3. Philip Morris Has Been a Good Investment

Given the fact that tobacco companies have to operate under such onerous marketing restrictions, with expensive settlement fees and such a huge tax burden, it is reasonable to conclude that firms such as Philip Morris offer little, if any, profit potential. However, surprisingly enough, Philip Morris has continued to manage net and operating margins in the 20 to 40% range, and to consistently show investors solid returns on investment. As of April 2018, the company's stock offered a forward dividend yield of 4.16%, and the company has increased its dividend every year for the past eight years. The company's stock has more than doubled in price since its 2008 spinoff from parent Altria Group Inc. (MO).

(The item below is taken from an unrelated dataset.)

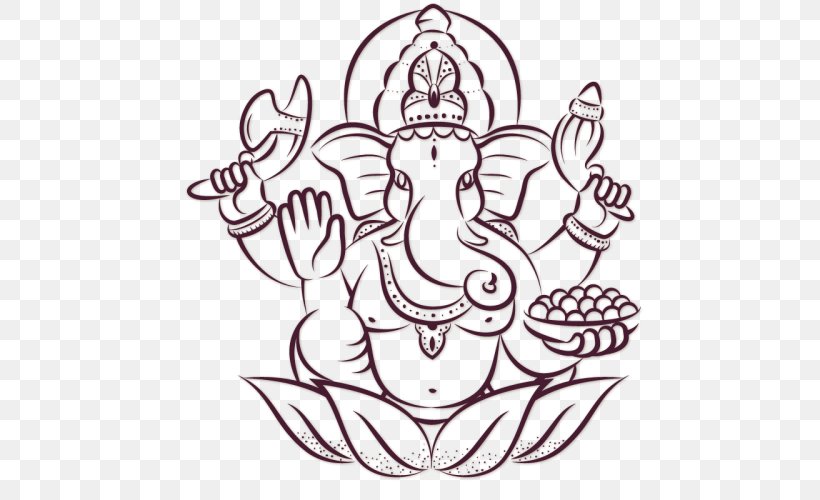Ganesha Ganesh Chaturthi Rangoli Design India, PNG, 500x500px, Ganesha, Arm, Art, Artwork, Black And White Download Free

4. Rights to the Entire E-cigarette Technology

In 2000, Philip Morris considered buying the rights to the technology behind electronic cigarettes, but company executives eventually decided that the price was too high. The company has, however, entered the e-cigarette marketplace with its MarkTen and iQOS brands, recently making an appeal to the Food and Drug Administration (FDA) that their e-cig (or vape) should be considered safer than cigarettes, were they to win approval, they would officially be able to advertise their device as safer than cigarettes, which is currently illegal. These vapes don't release smoke but do still contain tobacco and nicotine. Their plea was rejected by the FDA, which surely dealt a blow to morale at the company. It remains to be seen if Phillip Morris will try again, but it seems they have their eyes on changing a nation of smokers into a nation of vapers. 

As of June 2018, Philip Morris International Inc. plans to launch its iQOS smoking device in India, multiple sources told Reuters, as the tobacco giant attempts to grow their presence in the world’s second-biggest smoker population. iQOS heats but does not burn tobacco, producing a vapor that contains nicotine rather than smoke. The company says it wants to one day stop selling cigarettes altogether. India has strict laws aimed at decreasing tobacco use. However, the country still has 106 million adult smokers, second only to China according to the World Health Organization, making it a lucrative market for Philip Morris to target.